WHAT IS EXPECTED: Repeat, exactly as written, the lines from the one with "thumbnail image 2" to the final line of the listing, and keep every picture out.
[[ RECORD EXTRACTS open ]]
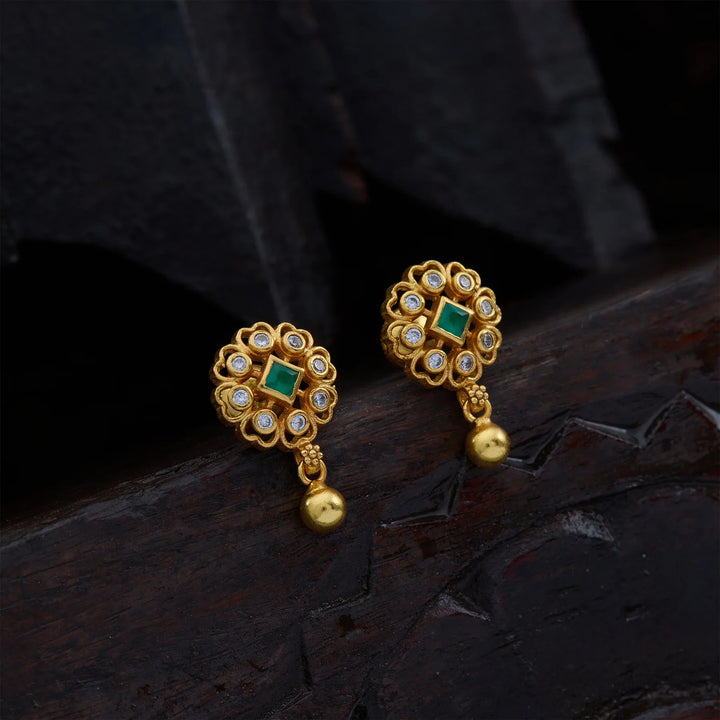 Pure 92.5 Zirkharita Studs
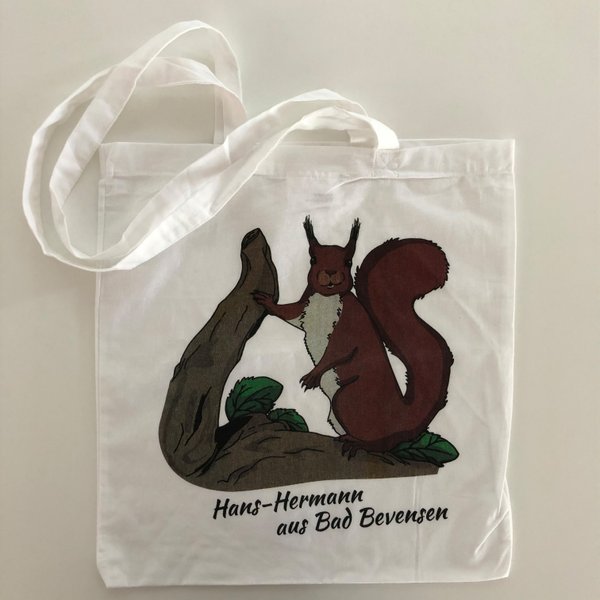 Hans-Hermann Baumwolltasche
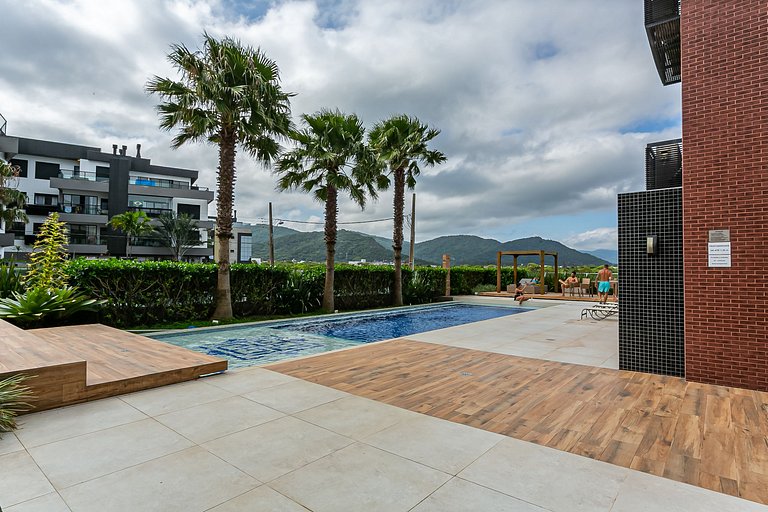 Gastronomia | 120m da Praia | Piscina #CAMP07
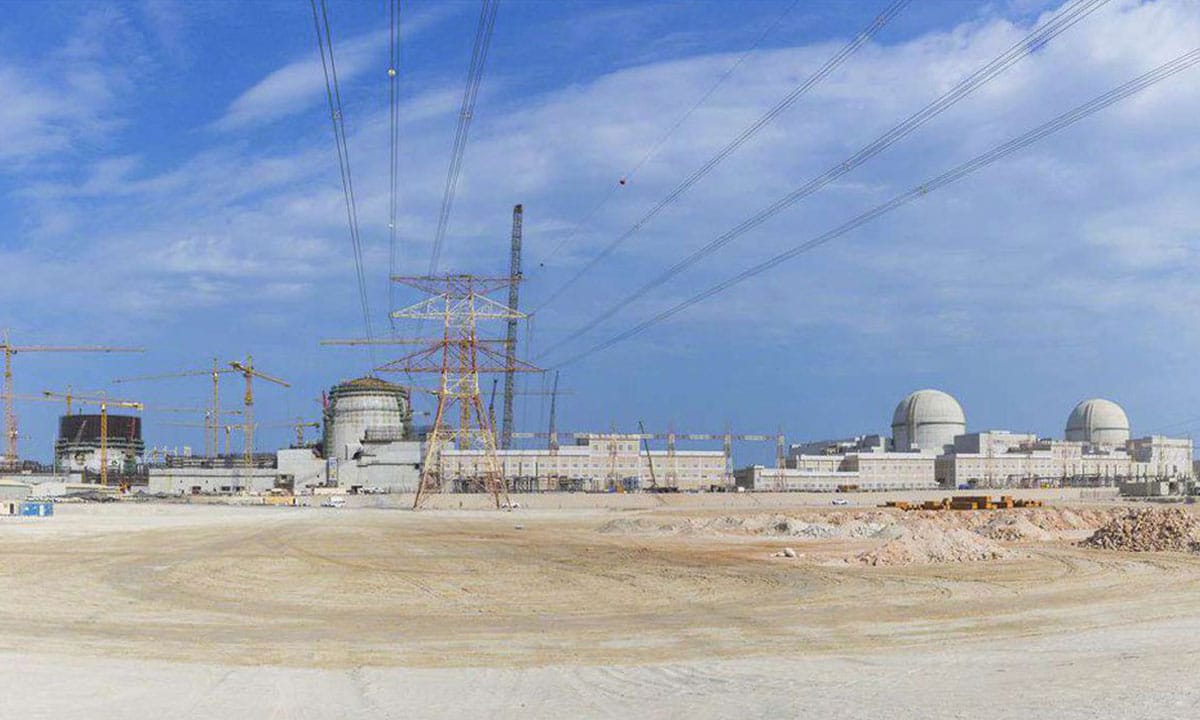 L'Arabie saoudite a commencé à développer deux grands réacteurs nucléaire, veut exploiter son propre uranium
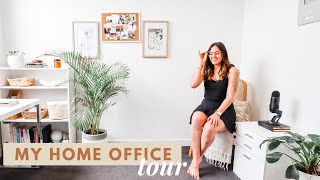 new home office tour + making $50k this week? (vlog)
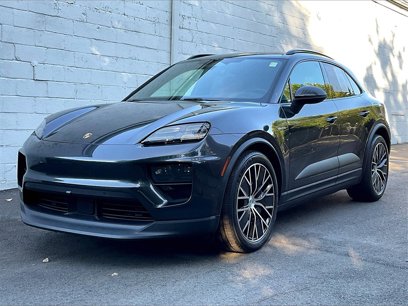 Certified 2024 Porsche Macan 4 Electric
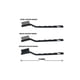 thumbnail image 2 of 14-piece Cleaning Brush Car Washing Combo Set, 2 of 3
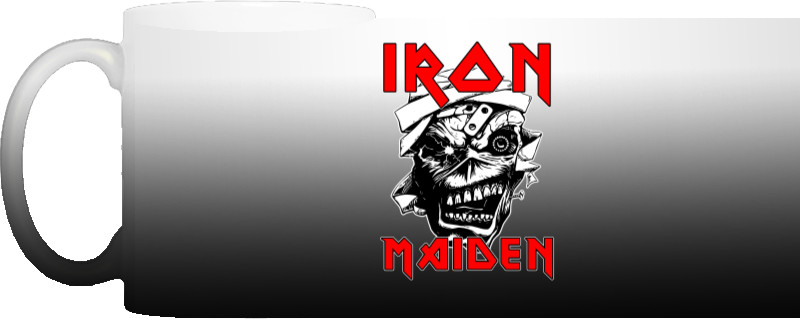 IRON MAIDEN [1]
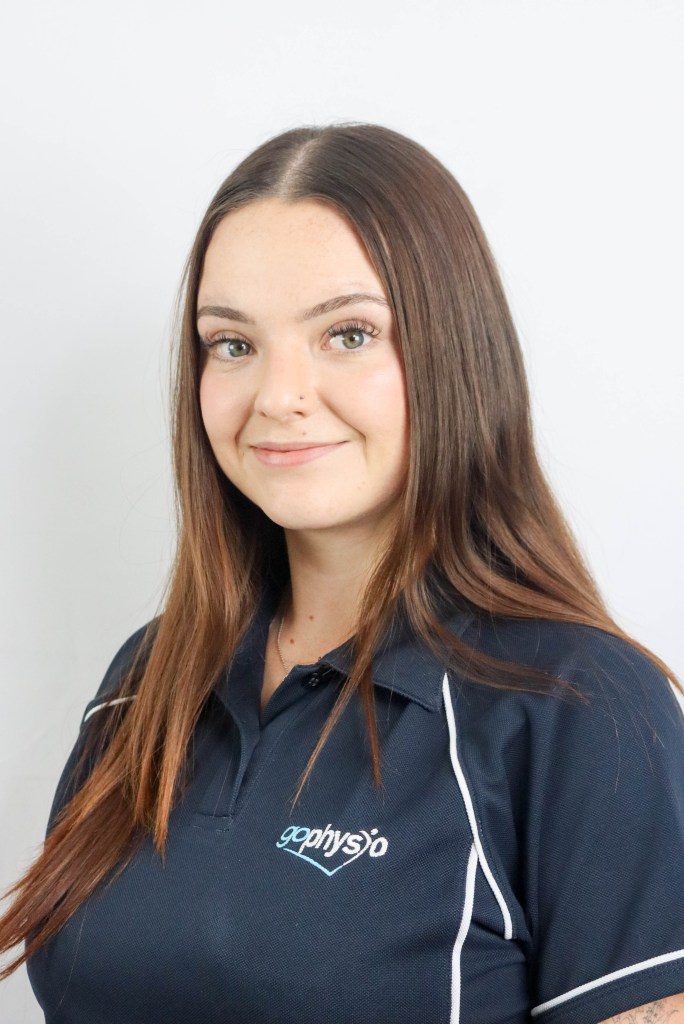 Emily Hammond goPhysio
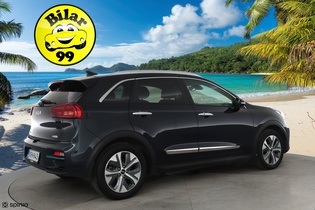 Kia Niro vaihtoauto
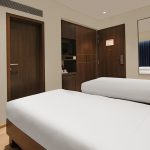 Best Deluxe Room near Airport Road - Ahmedabad Gandhinagar Highway | Hotel Rooms Contact - Inquiry | Book Deluxe Room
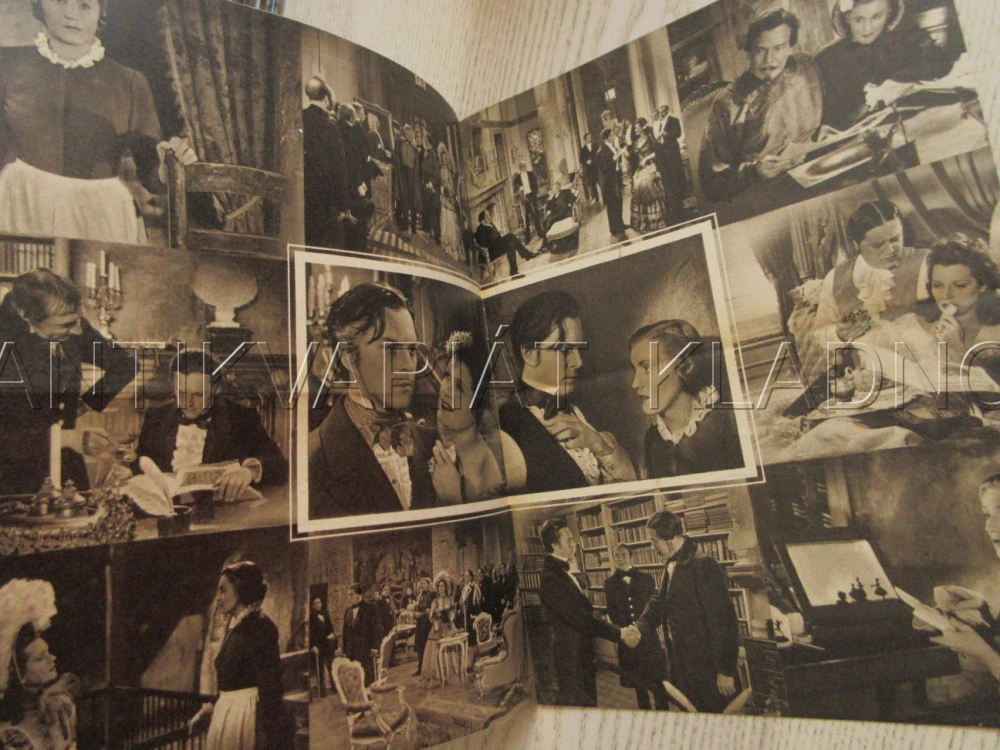 DIE UNHEIMLICHEN WÜNSCHE, H. HOLT, O. TSCHECHOWA, P. DAHLKE, FILM NĚM. ŘÍŠE, FILM KURIER VBŠ Č. 2975
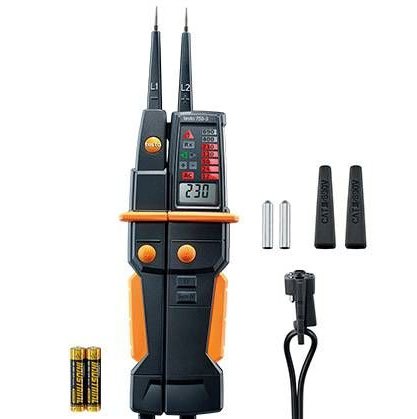 testo 750-3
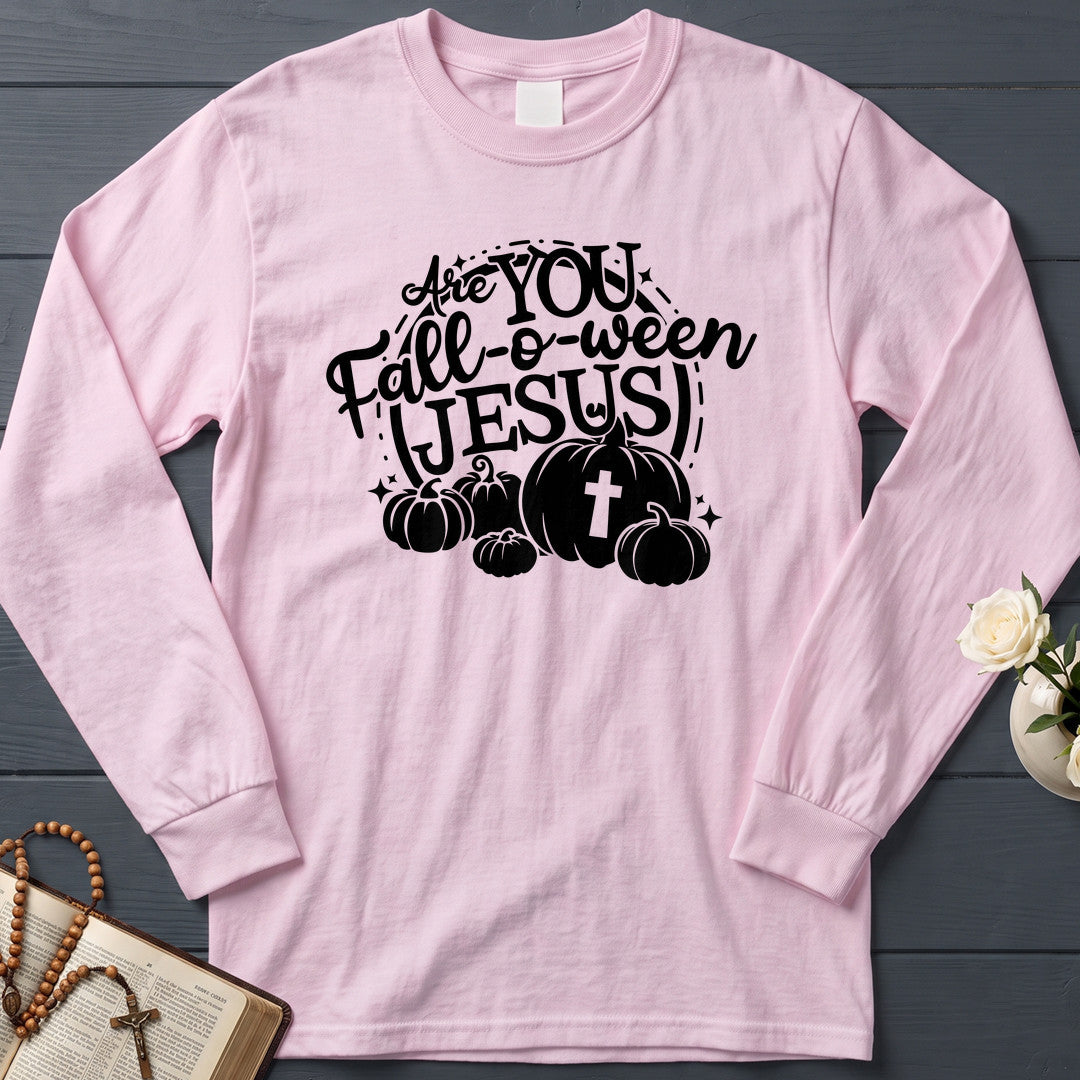 Are You Fall-O-Ween Jesus 20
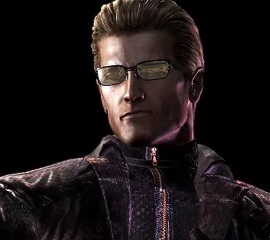 Albert Wesker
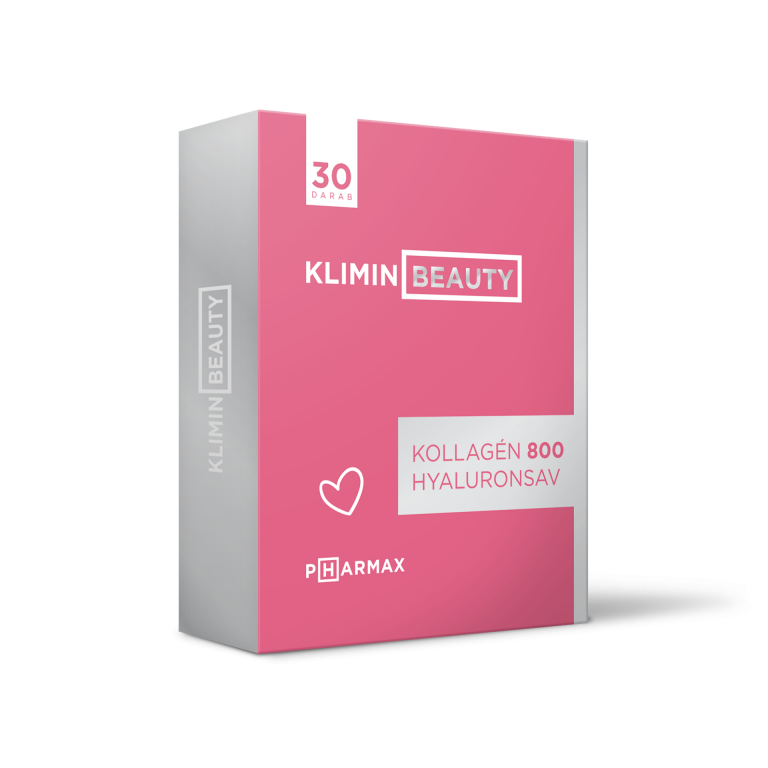 Pharmax Klimin Beauty kapszula 30x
[[ RECORD EXTRACTS closed ]]
EXPECTED ANSWER:
 thumbnail image 2 of 14-piece Cleaning Brush Car Washing Combo Set, 2 of 3
 IRON MAIDEN [1]
 Emily Hammond goPhysio
 Kia Niro vaihtoauto
 Best Deluxe Room near Airport Road - Ahmedabad Gandhinagar Highway | Hotel Rooms Contact - Inquiry | Book Deluxe Room
 DIE UNHEIMLICHEN WÜNSCHE, H. HOLT, O. TSCHECHOWA, P. DAHLKE, FILM NĚM. ŘÍŠE, FILM KURIER VBŠ Č. 2975
 testo 750-3
 Are You Fall-O-Ween Jesus 20
 Albert Wesker
 Pharmax Klimin Beauty kapszula 30x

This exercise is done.